Who is God that He would take our frame
The artisan inside the paint
Or breathe the very air His breath sustains
The architect inside the plan...

Oh come now hail His arrival
The God of creation
Royalty robed in the flesh He created
Jesus the maker has made Himself known
All hail the infinite infant God...

The holy Word of God defined by name
The author climbed inside the page...

God embraced our frame
When He graced the world He made
All hail the divine in a manger
Love embraced our fate
When the playwright took the stage...

At Christmastime, we put ourselves in the nation of Israel's shoes in the anticipation of the arrival of their Servant King. In the cold and the dark and the seemingly dead, we eagerly await the dawning of the Light of the World. 

"The people who walked in darkness have seen a great light;
those who dwelt in the land of deep darkness, on them a light has dawned...
For to us a child is born, to us a son is given;
and the government shall be upon his shoulders,
and his name shall be called
Wonderful Counselor, Mighty God, Everlasting Father, Prince of Peace" (Isaiah 6:2,6).

"In the beginning was the Word, and the word was with God, and the Word was God. He was in the beginning with God. All things were made through him, and without him was not any thing made that was made. In him was life, and the life was the light of men. The light shines in the darkness, and the darkness has not overcome it....And the Word became flesh and dwelt among us, and we have seen his glory, glory of the only Son from the Father, full of grace and truth" (John 1:1-5,14).

So Advent. A season of waiting. Of longing. Of anticipation.

But did you know that, etymologically speaking, the word "adventure" finds its roots in the Latin word for "advent"?

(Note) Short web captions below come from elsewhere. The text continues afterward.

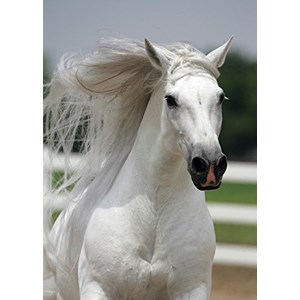 Art Puzzle (4188) - "White Horse" - 500 brikker puslespil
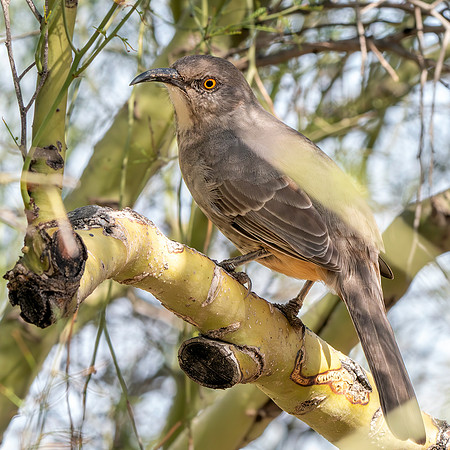 Curve-billed thrasher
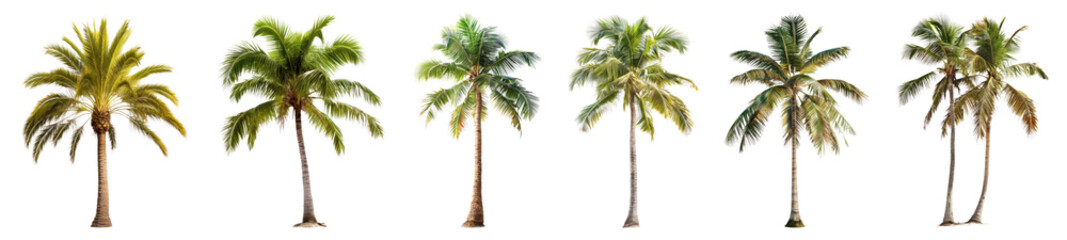 Coconut tree tropical plant png cut out element set, transparent background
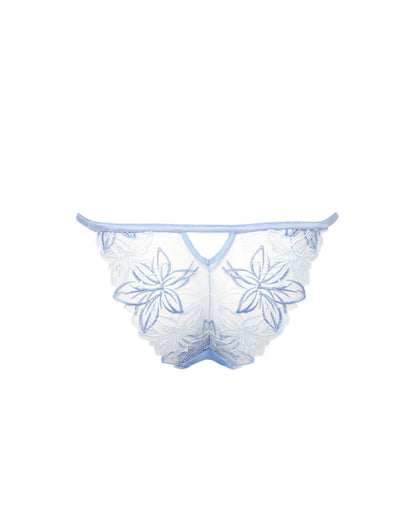 Lilly Brief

So what if we looked at the waiting/longing/winter seasons of our lives as an adventure? Because it is. All of it. Waiting for _________ does NOT mean you have to wait of joy. Not [yet] having __________ (insert "that job," "that house," "that spouse," "that baby") does NOT disqualifying you from going all in right where you are...serving God and loving the people right in front of you. Here. Not somewhere else. 

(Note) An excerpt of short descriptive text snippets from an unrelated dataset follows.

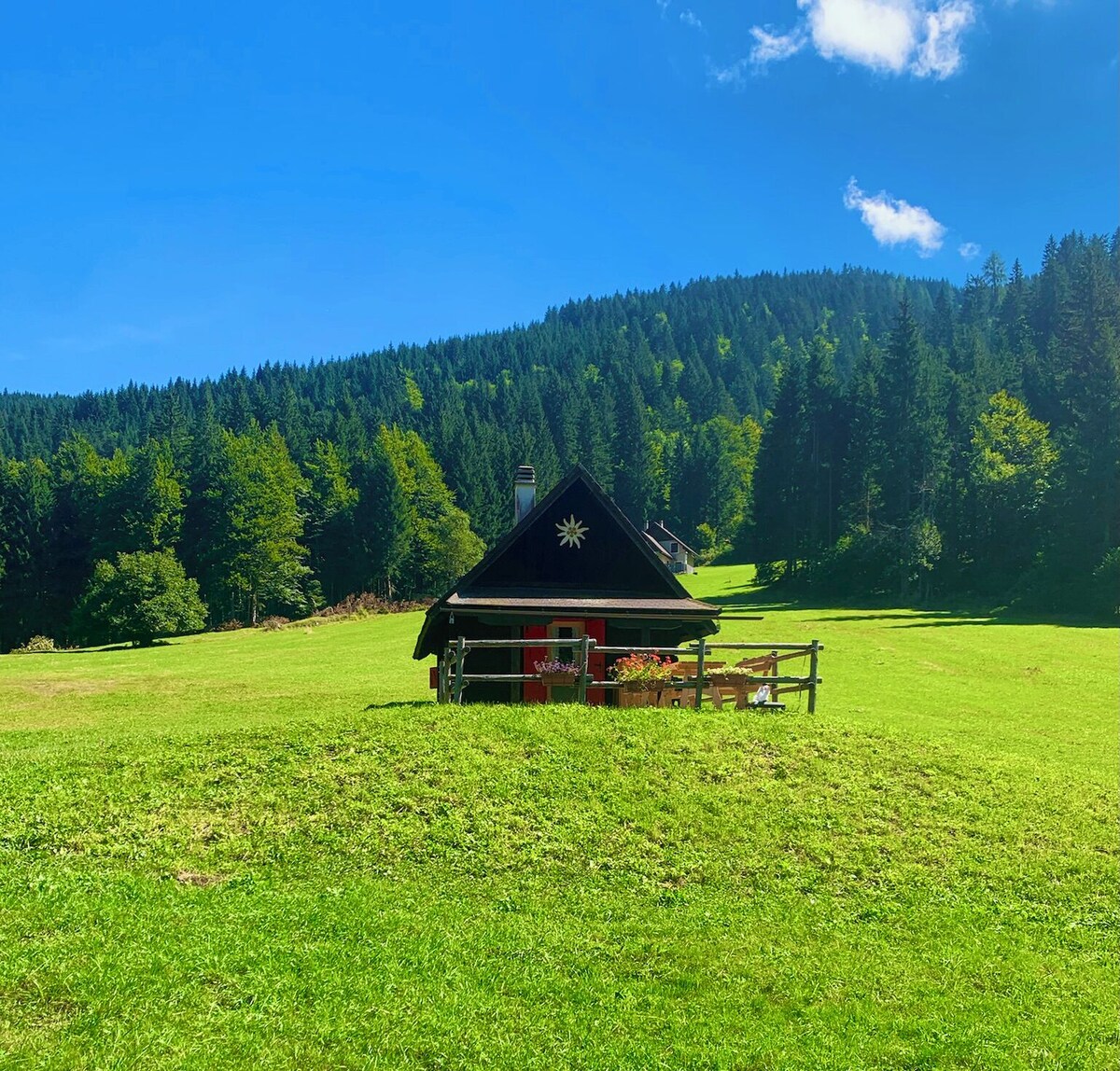 Bild für Gastgeberprofil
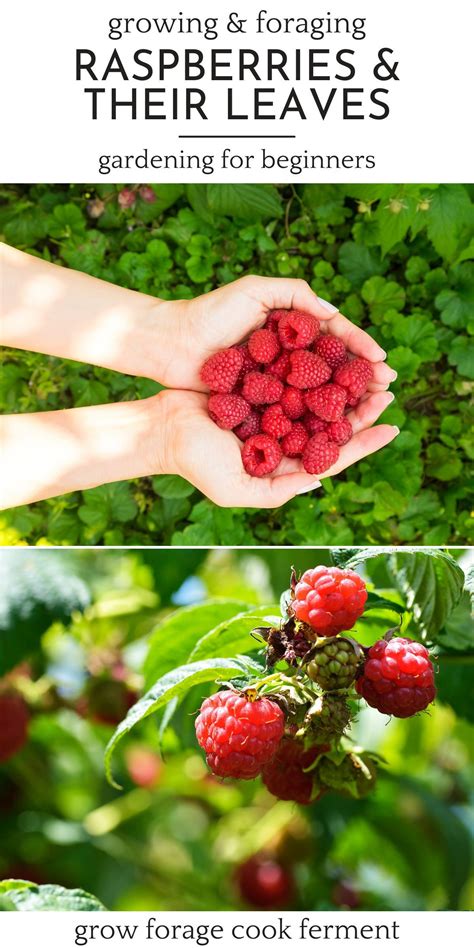 Growing And Foraging For Raspberries And Their Leaves Artofit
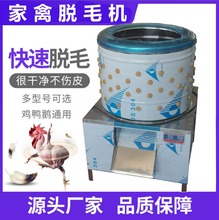 ����Óë�C���Ú��u���Z��ë�C����ȫ�Ԅ���ë�C���P�ȥë�C����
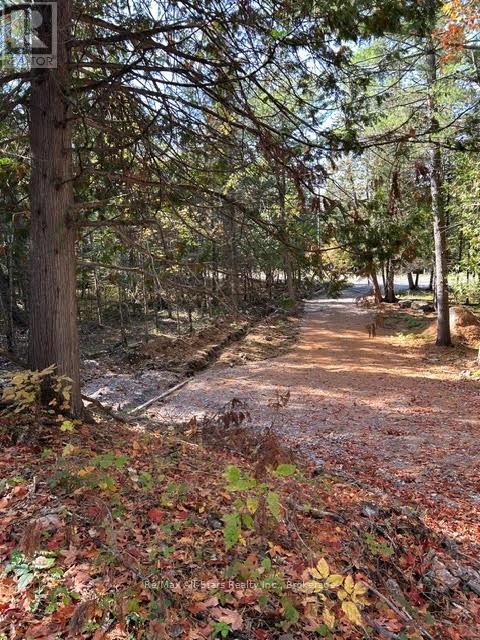 Part 1 - 0 Ledge Road, Trent Lakes, Ontario  K0M 1A0 - Photo 6 - X13740860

I read this quote from the ever-wise and well-spoken Elisabeth Elliot recently: "[This] job has been given to me to do. Therefore it is a gift. Therefore it is a privilege. Therefore it is an offering I may make to God. Therefore it is to be done gladly, if it is done for Him ... Here, not somewhere else, I may learn God's way. In this job, not in some other, God looks for faithfulness ... With Your help I will do it gladly, faithfully, and I will trust You to make me holy." 

Hence, while I love the song "Seasons," my beef with it is that it disregards (or at least discounts) the discipline of contentment in the here and now in favor of fixing our eyes on the future (perceived as "better") season. While we should (prayerfully) look forward in eager expectation for God to work wonders in our lives, we should not set our hopes on __________. While "Seasons" is honest about the angst and ache of the winter of waiting, we are not called to merely hibernate, putting out lives on pause until the warmth and light of spring dawns. We are called to "mak[e] the most of [our] time" (Ephesians 5:16).

We are in the in-between. Our King has already come, but we're not yet with him fully forever. So there is disappointment and brokenness and pain. But that Day is coming. That Restoration -- the "summer" season -- the "making all things new" promised in Revelation 21 is not far off.

So find the beauty in the bleak midwinter. In this time, perhaps, of heartache and hardship. In this period of waiting for ___________. Go play in the snow. Curl up by the fire. Drink all the hot chocolate and listen to all the Christmas music and wear lots of flannel. Rejoice "with exceeding great joy" (Matthew 2:20). And go and tell the world where True Hope/Peace/Joy can be found.